Their vision was ambitious but necessary: to draft a consensus document that brought many voices to the table and offered a path forward for Colorado energy policy. Sara was warned that I would be “a problem” for the group. Some warned me that the effort would be futile. Sara ignored the critics, and so did I. I’m glad we did, because I am proud of what this group accomplished.
The group didn’t agree on everything, and we still don’t. But we share one undeniable conclusion: Colorado’s current energy trajectory is a crisis in the making. If unchecked, it will become an economic disaster for the state, a financial disaster for families and small businesses, and a reliability disaster for the region and the nation.
That is why we agreed on the core principle: Colorado’s energy policy must change. It must prioritize reliability and affordability, while respecting the families and communities that work hard to keep the lights on every day. No one got everything they wanted, but that was never the point. The point was consensus—and we achieved it. Policy is, after all, the art of the possible.
I won’t disclose the names of my fellow contributors. It is their choice whether to be public in this environment.

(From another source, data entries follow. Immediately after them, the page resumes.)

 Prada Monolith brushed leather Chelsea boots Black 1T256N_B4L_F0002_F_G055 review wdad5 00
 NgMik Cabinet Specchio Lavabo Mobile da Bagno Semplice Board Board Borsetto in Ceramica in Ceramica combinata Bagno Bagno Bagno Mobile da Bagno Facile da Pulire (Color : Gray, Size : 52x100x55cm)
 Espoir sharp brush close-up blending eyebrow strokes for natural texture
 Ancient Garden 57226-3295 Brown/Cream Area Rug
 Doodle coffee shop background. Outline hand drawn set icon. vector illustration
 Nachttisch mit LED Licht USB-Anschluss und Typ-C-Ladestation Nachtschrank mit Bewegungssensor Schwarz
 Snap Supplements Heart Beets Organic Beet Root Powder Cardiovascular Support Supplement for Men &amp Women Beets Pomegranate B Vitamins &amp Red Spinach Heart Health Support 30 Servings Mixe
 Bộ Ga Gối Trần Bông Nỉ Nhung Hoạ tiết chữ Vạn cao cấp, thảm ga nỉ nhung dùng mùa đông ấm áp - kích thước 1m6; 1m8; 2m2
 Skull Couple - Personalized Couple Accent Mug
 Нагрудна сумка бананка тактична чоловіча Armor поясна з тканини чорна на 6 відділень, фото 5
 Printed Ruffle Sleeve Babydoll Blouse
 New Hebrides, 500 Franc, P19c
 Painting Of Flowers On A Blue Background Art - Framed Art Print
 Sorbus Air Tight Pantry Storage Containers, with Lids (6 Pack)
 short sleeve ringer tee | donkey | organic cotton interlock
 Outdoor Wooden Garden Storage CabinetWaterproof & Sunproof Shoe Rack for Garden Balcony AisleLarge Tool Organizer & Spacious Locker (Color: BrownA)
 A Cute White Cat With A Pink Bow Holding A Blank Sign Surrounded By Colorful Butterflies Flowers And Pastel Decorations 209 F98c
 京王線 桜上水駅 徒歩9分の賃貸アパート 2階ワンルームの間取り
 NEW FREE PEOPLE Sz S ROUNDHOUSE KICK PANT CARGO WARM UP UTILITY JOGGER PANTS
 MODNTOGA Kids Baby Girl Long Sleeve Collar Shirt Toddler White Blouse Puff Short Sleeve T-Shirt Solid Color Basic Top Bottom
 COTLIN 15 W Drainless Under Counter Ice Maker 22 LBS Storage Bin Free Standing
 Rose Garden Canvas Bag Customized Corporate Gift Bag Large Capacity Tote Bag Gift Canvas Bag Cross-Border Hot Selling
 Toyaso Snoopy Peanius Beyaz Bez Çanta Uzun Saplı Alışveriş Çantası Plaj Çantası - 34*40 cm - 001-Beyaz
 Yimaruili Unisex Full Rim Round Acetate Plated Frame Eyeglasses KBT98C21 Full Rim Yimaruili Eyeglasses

What I can say is that everyone contributed. We debated language, definitions, and framing, but never the goal. Throughout our conversations, our tone remained civil, constructive, and focused on solutions. I would work again with any of them.
This is not alarmism; it is realism. Colorado has an energy policy problem that must be solved. Yet leadership in the executive branch and legislature has proven either unwilling or unable to act. We believed that reason, physics, and economics would be enough to prevent Colorado’s slide into expensive, unreliable power. They weren’t—and the state has kept moving in the wrong direction.
That’s when Action Colorado stepped up. They invited people from across the state—different demographics, different politics, different motivations—to set aside personal agendas and work together for the good of Colorado. While many of us participated, the leadership and credit belong to Action Colorado.
I am honored to have played a small part in this effort. The Energy Compact is not perfect, and it doesn’t resolve every disagreement. But it proves that Coloradans from different walks of life can come together around a shared truth: our energy policy must change if we want a future that is affordable, reliable, and sustainable for all Coloradans.